> [What this task involves] Each line of the material must be repeated precisely, with the pictures left out.

> [Input data]
--*--

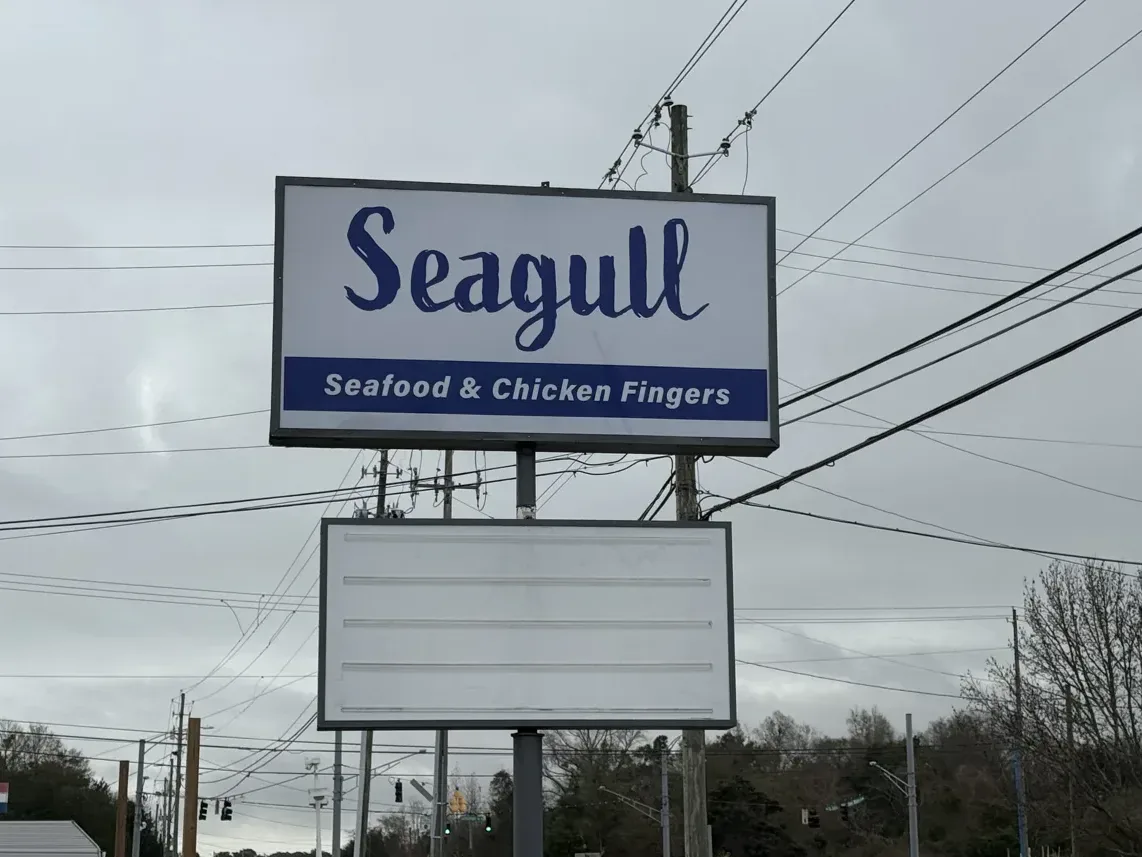 The Seagull Seafood & Chicken Fingers pylon sign on its steel pole by the road, with a blank panel below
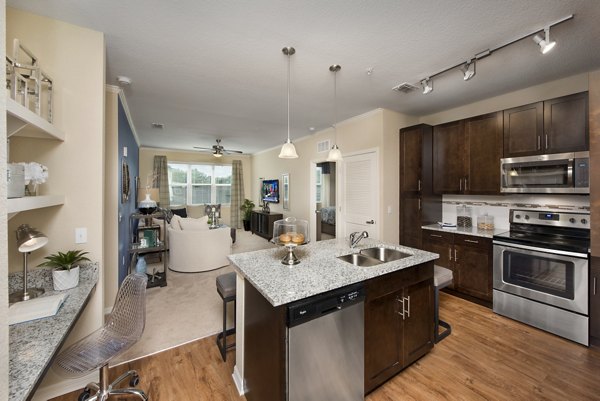 Sleek kitchen with stainless steel appliances and granite countertops in Integra Lakes Apartments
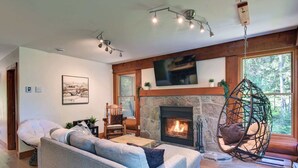 A cozy living room with a stone fireplace, a hanging chair, and a large sofa. - Family Lake Access Chalet w/ Spa (Lac-Supérieur)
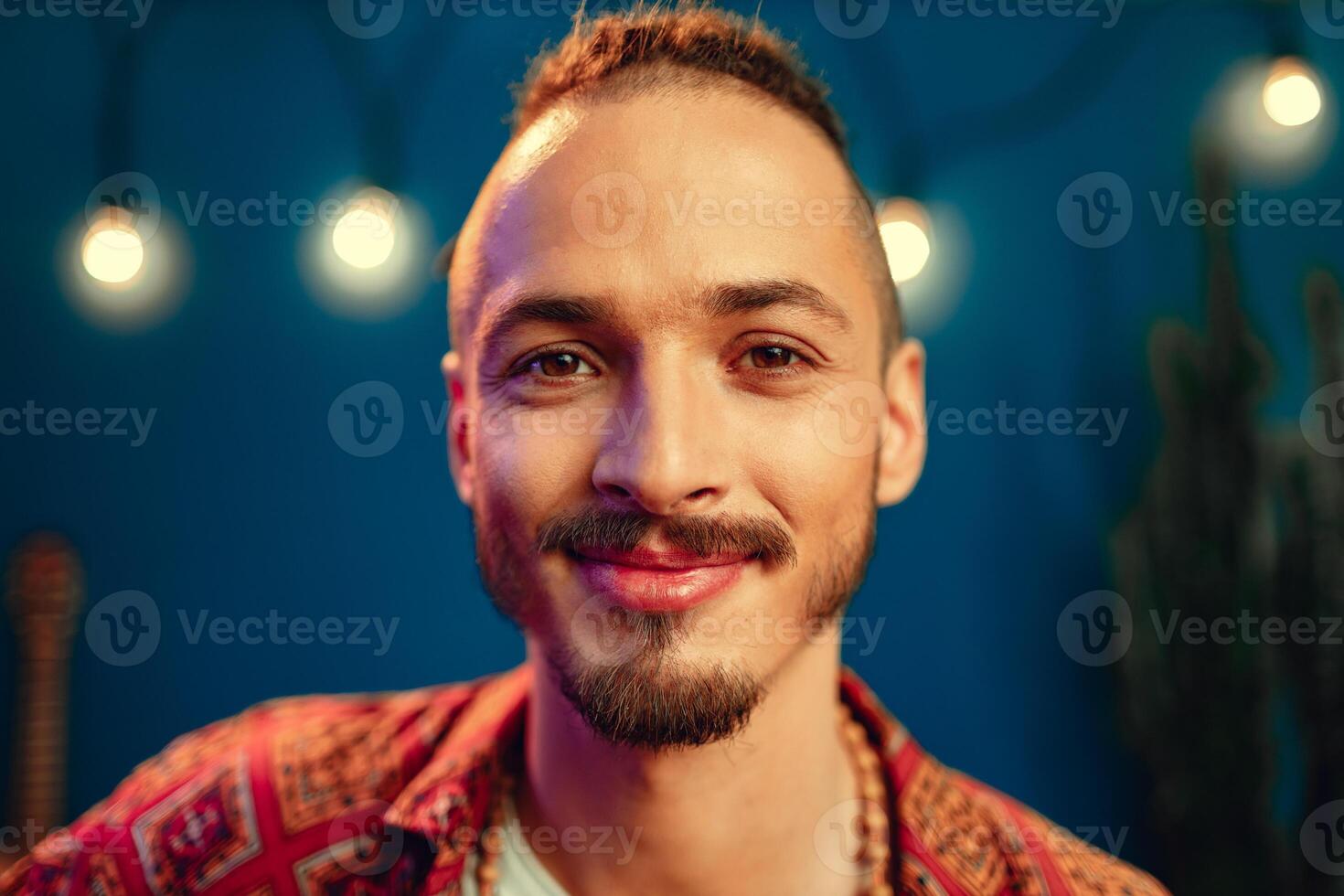 Portrait of a positive handsome caucasian guy with dreadlocks against blue background photo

--*--

> [Exercise result]
 The Seagull Seafood & Chicken Fingers pylon sign on its steel pole by the road, with a blank panel below
 Sleek kitchen with stainless steel appliances and granite countertops in Integra Lakes Apartments
 A cozy living room with a stone fireplace, a hanging chair, and a large sofa. - Family Lake Access Chalet w/ Spa (Lac-Supérieur)
 Portrait of a positive handsome caucasian guy with dreadlocks against blue background photo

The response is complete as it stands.